Um, YES, I thumb-typed back, though it could’ve gone without saying.

Books have always been a kind of currency among the women I know. We beg, borrow, barter, buy, rate and sell our stories. The most popular of them–the truly hot commodities–are discussed for weeks, even months.  The trashy, but irresistible ones are traded quickly, giggled about, then discarded. The bad ones are sadly cast aside, with little more than tacit agreement that, yes: that book sucked hard.

But there are some books–the absolute best of the lot–that we cannot part with, under any circumstances. We’ll recommend them to everyone, and for our closest girls, we’ll even buy copies. But that trusty original never leaves our bookcase. It will never, ever be loaned.
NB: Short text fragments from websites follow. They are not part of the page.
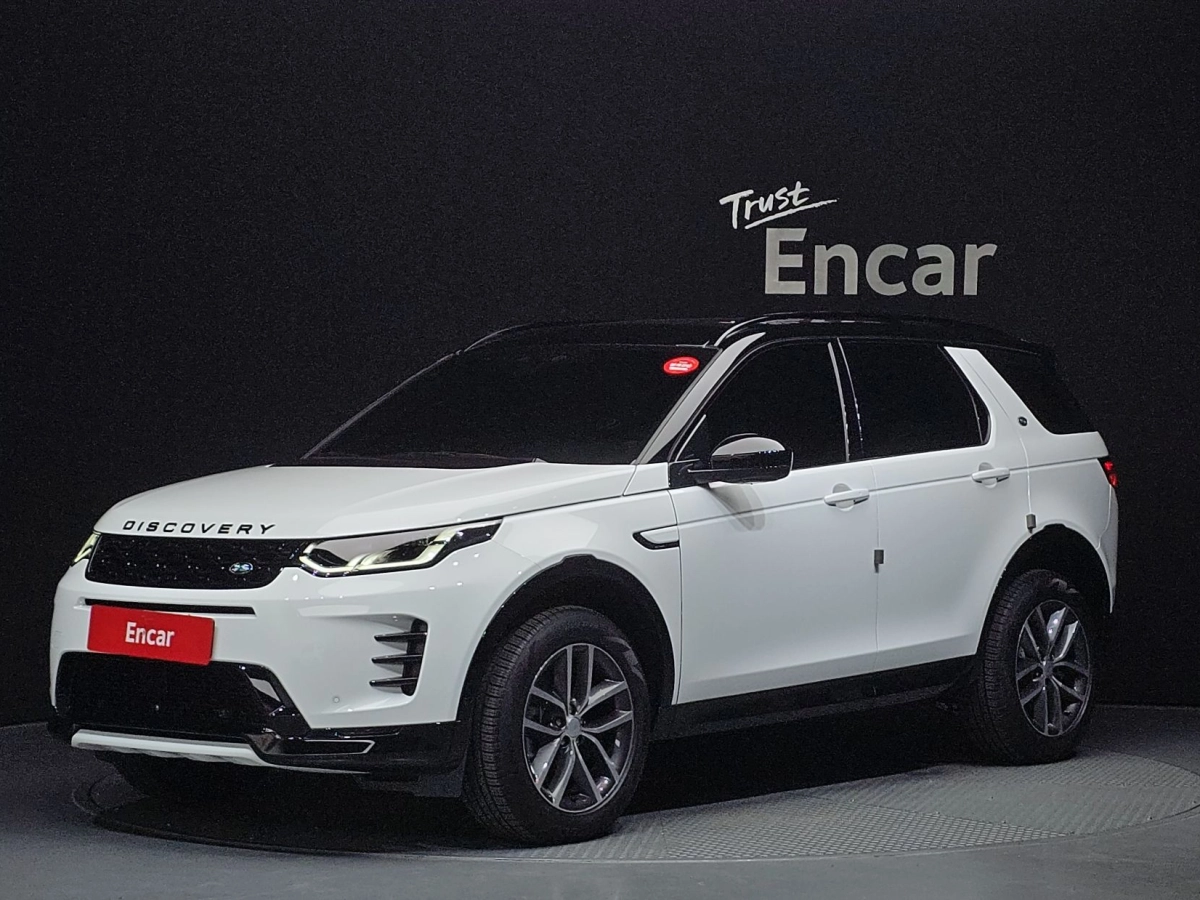 LAND ROVER DISCOVERY SPORT 2025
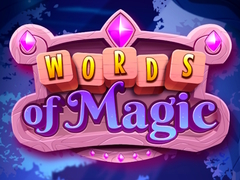 Trò chơi Words of Magic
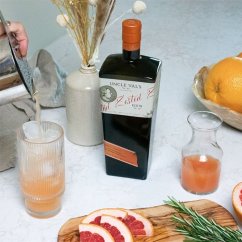 Uncle Val´s Zested Gin 0,7l 45%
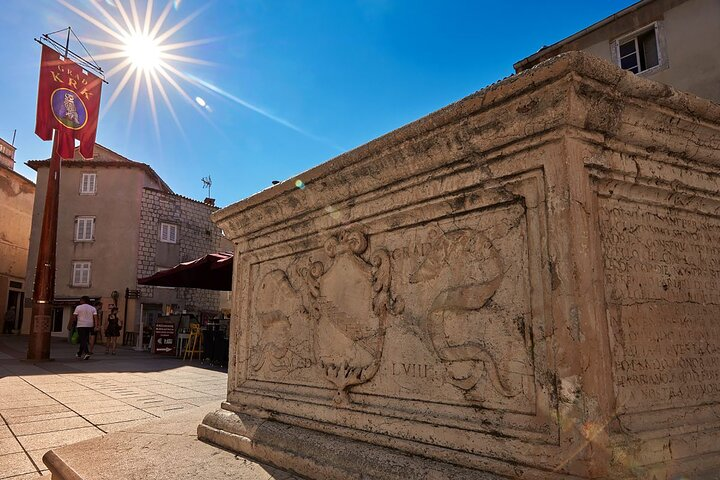 Sightseeing of Krk town - Photo 1 of 7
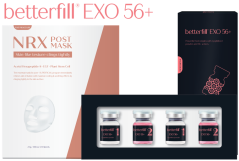 Betterfill EXO56+ (2 x 50 mg ampule / 2 x 3 ml ampule / 10 x NRX Post maska)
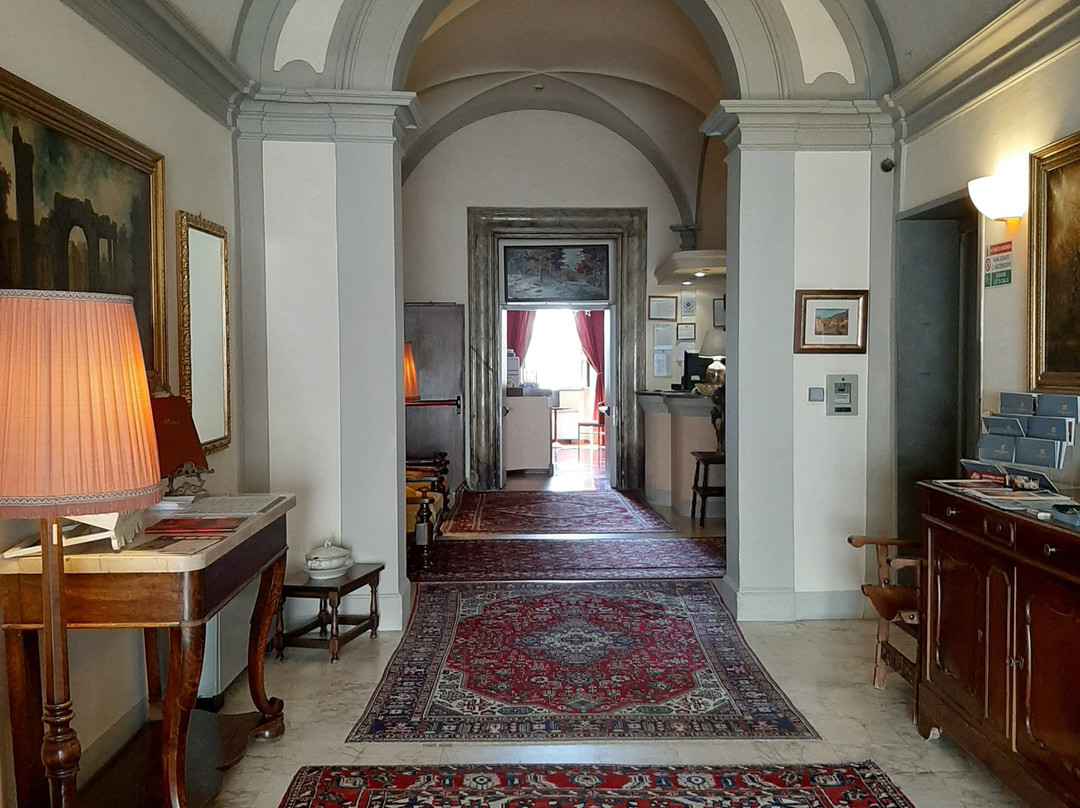 Hotel Bosone Palace主图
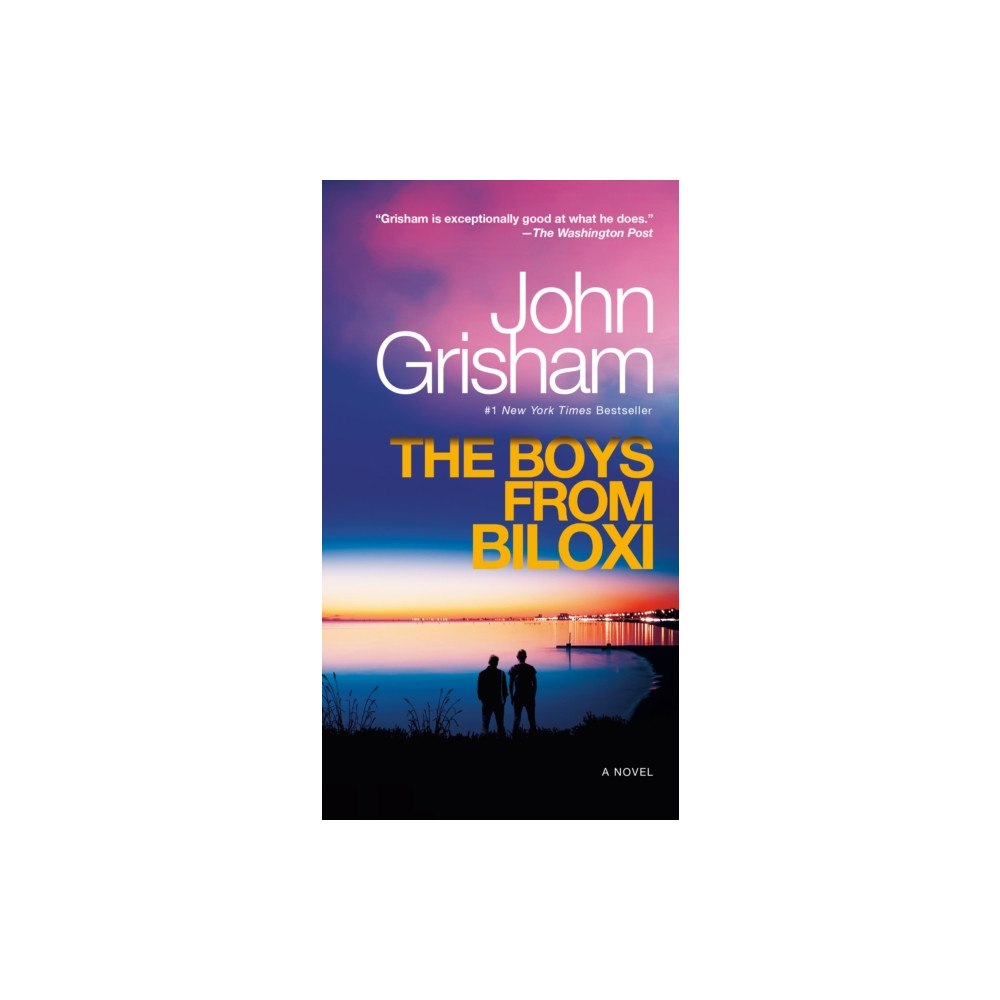 Not Stated The Boys from Biloxi (häftad, eng)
Books like these are the game-changers. They’re re-read, re-examined, and found to have only appreciated with time. We sacrifice sleep for them, unable to resist the turn of another page. And in the end, when we pull our eyes up from the last sentence, we find the whole world greatly altered.

The books that profoundly change our views of people, places, politics, emotion… these are the gems. We don’t just discover them; we discover ourselves through them.

Do you remember your earliest encounter with your own literary game-changer? Are you still reeling from your last one? While you reflect, I’ll share a few of mine:

1. Motown and Didi – Walter Dean Myers

Walter Dean Myers is a paragon. This was the first of his novels that I read. Truth be told it was one of the earliest romances I read, too.  Set against the backdrop of crack-riddled Harlem, this young adult novel tackles the very adult issues teens face, when they’re left to raise themselves. Myers’ commitment to treating children and young adults like fully formed humans, rather than clay for parents and guardians to mold, inspired my own attitude toward writing for, talking to, and heck, being a young person.

2. If Beale Street Could Talk – James Baldwin

This book has everything: healthy black families, childhood sweethearts, struggle, tension, class warfare, art, and the incomparable James Baldwin writing from a young pregnant woman’s perspective. If you haven’t read it yet, please do. I carry its central characters, Fonny and Tish, with me every day. (Poor Fonny…)

3. Comedy, American Style – Jessie Fauset

Jessie Fauset is my literary “she-ro,” and this, the last of her novels was the most affecting for me. The story of a deeply controlling, color-struck mother who deeply damages her children, particularly the most beautiful (and the darkest): her youngest son, Comedy, American Style offers a fascinating glimpse into a bygone time, and yet the issues it raises still persist today. It’s definitely a read that lingers and one that changed the way I viewed Fauset as a writer and myself as a woman and as a daughter.

I could certainly go on. (Honorable mentions to John Oliver Killens’ The Cotillion; Emily Bronte’s Wuthering Heights; Elrena Evans and Caroline Grant’s Mama, Ph.D.: Women Write About Motherhood and Academic Life; and W.E.B. DuBois’ Dark Princess.) But it’s your turn. What books have been game-changers in your life? What book recommendations are you definitely planning to read in 2012?